Working capital pressures are further increased as 1-in-4 companies reported that their customers are taking longer to pay, as well. “British businesses generally are looking into this uncertain environment, are building up inventory levels at a time when there is falling financial conditions and a lot of uncertainty in the market – it’s a risk,” said Mullooly.
There was broad agreement on the main working capital tools deployed – open account trade finance instruments and receivables finance or invoice discounting, which even one very large company uses to some extent. Supplier finance such as reverse factoring and dynamic discounting were the most widely discussed tools, however. One participant noted that his company had recently launched a successful supply chain finance programme even though his experience of these had not been positive at his previous company. “We did come up with a solution but it was only after doing so much other work to get people on board. Just bring people along slowly,” he said.
Another said that her company was looking at bank-supplied SCF as well as fintech-supplied options, “as long as it is the most efficient and practical solution for us.”
One participant commented that fintechs seemed to hold the promise of being able to address some of the data issues that they had encountered with their SCF programme. Integration with the ERP and particular problems with credit notes were bugbears that the company was having to deal with. “Technology will perhaps enable integration in a way that will be more seamless and hopefully minimise some of the challenges that we’re experiencing at the moment,” he said.
One business that has recently launched an SCF programme across 85% of its global spend did so not as a cash-enhancement initiative but to support the supply chain. “By giving supplier finance, we start to desensitise payment terms from the discussion with suppliers,” he said. “And it’s a supplier finance programme that has the ability to be a dynamic discounting model if our cash situation changes. So far it’s working really well, with great feedback from suppliers.”
The UK’s new ‘Duty to Report’ regulations require businesses to submit data and narrative information about their payments practices to a new government website. The aim is to drive better payments behaviour, especially by large companies towards smaller suppliers.

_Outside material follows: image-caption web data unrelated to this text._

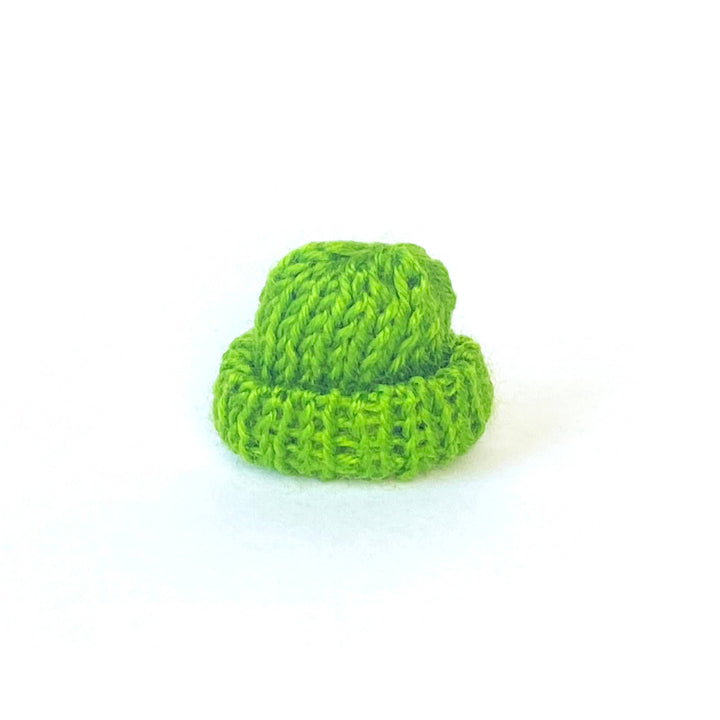 Moss Beanie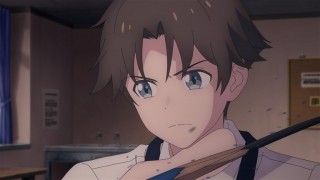 君と花火と約束とのイメージ画像２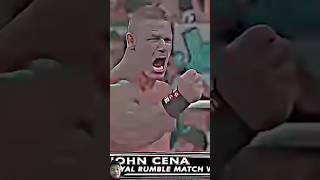 I Will win the Royal Rumble wwe johncena royalrumble wweshorts shorts [upl. by Norven369]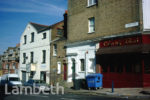 FORMER CINEMA, ...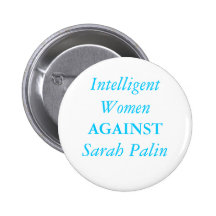 Intelligent kvinnor, MOT, Sarah Palin Nål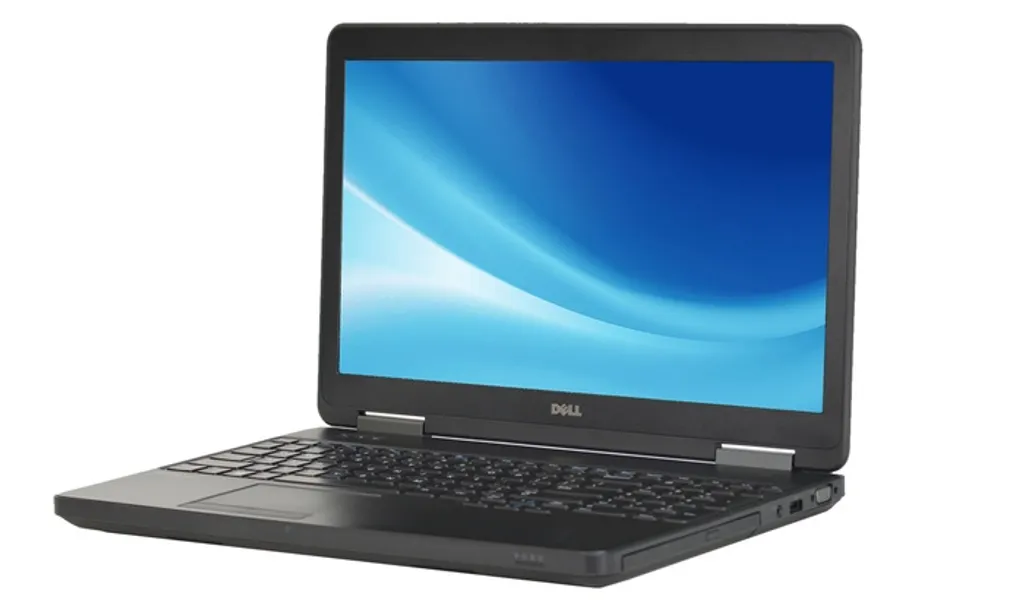 Tastiera Dell Semplice Belga per Computer - Cavo USB Layout Belgio - 5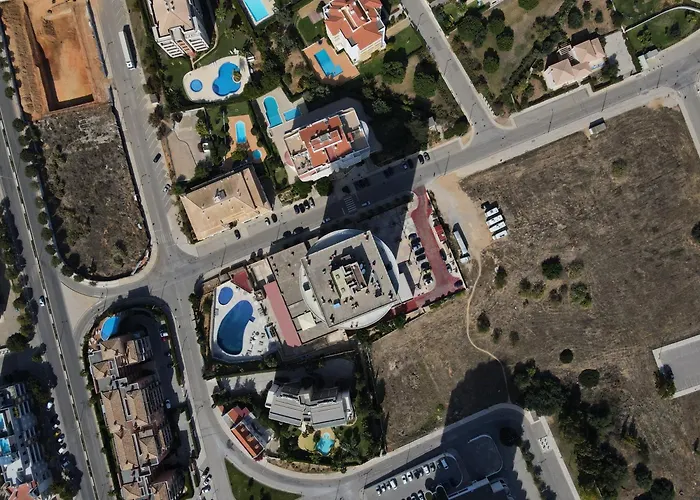 Apartman Algarve Porto Belo Portimão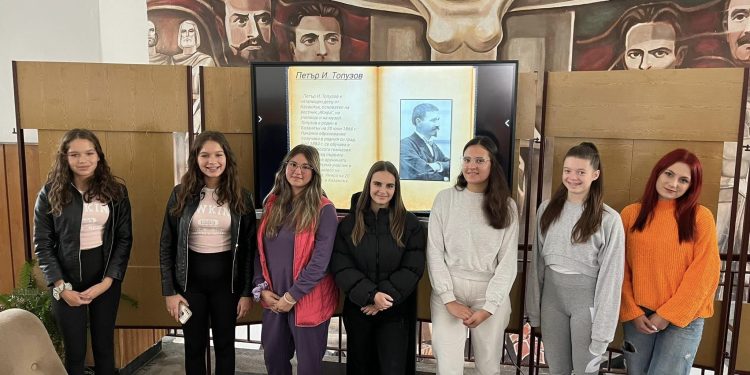 Съвременният учител през погледа на гимназисти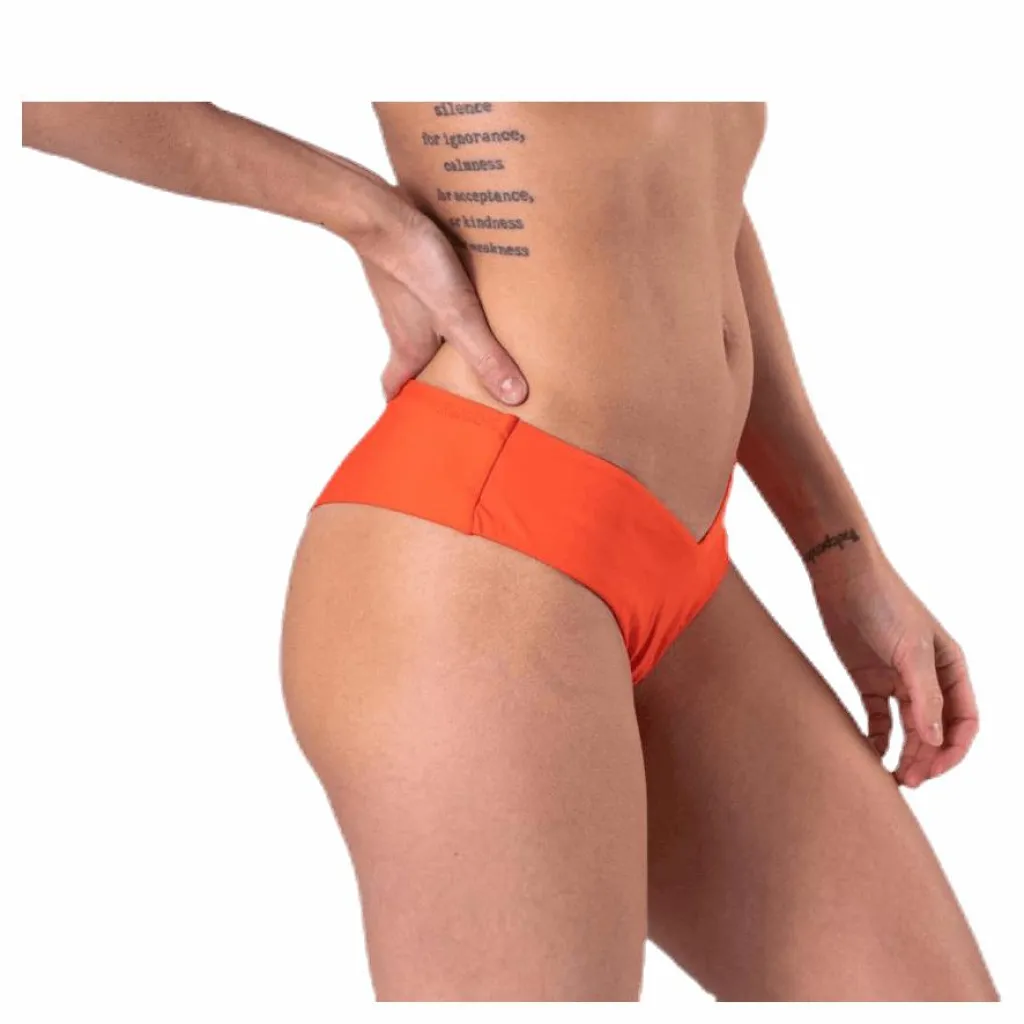 Billabong Sol Searcher Fiji Orange Outlet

But awareness levels about the new requirements remains at a low level, says Martin Flint, also a director of working capital at Lloyds Bank: “Not many businesses are ready for it,” he said.
One corporate participant was of the opinion that the government was not, in fact, quite clear about exactly what data they wanted. “The requirements are there but at a very superficial level. The challenge for us is that to some extent we have to interpret what it is that they want us to show. So are we close enough that that’s not going to get us a review by the government?”
One of the many steps taken to prepare for the legislation has been to ensure that what’s in the master data actually matches what is in the contracts with suppliers, “so it feels as though we’re in good shape,” this participant said. “But then I keep hearing these noises that maybe we’ve missed a trick somewhere.”
There is even a discrepancy between the government’s estimates that 8,000 companies will need to comply with the Duty to Report regulations and some independent estimates suggesting that the actual figure could be twice as many.
One of the most vital bits of information is proving to be difficult for many companies to pin down: the invoice receipt date.
“People are struggling to capture that within their systems, particularly if they’ve got multiple sites and don’t have a central place where you receive invoices. They could in fact just sit in a drawer,” said one participant, who added that the problem could be exacerbated by suppliers batch-sending invoices days after the invoice date. “If you look at paper invoices it takes an average of between 11 and 13 days from invoice date for a paper invoice to land on your desk.”
At the other end of the process, some participants drew attention to the problem of payment dates, especially when a payment run is conducted once a week, for example. “If you’re payment run isn’t aligned to your payment terms, you’ll pay people late,” one treasury expert commented. “Unless your payment terms say, ‘We will pay an approved invoice on the next available payment run after the due date,’ you might have to report paying suppliers two or three days late.”
One participant thought that his organisation was probably well prepared with regard to payments data and that suppliers were in fact being paid on time. But he wondered if in fact his perception of the message from the data actually matched the suppliers’ own experience.
Another seemed to summarise the feelings of many others when he said, “I’ve had some brief conversations about Duty to Report. I don’t worry about it enough, I suspect. I keep hearing lots of fear stories.”
Data and benchmarking
The discussion about the data issues relating to Duty to Report opened up a wider conversation about data issues more generally, and the subject of sharing of data and benchmarking. One participant noted that her company has periodic bouts of cleaning up its data, but then letting things slide again. The root problem was “ownership” of data, and as a consequence data quality was not consistently at the level that it should be.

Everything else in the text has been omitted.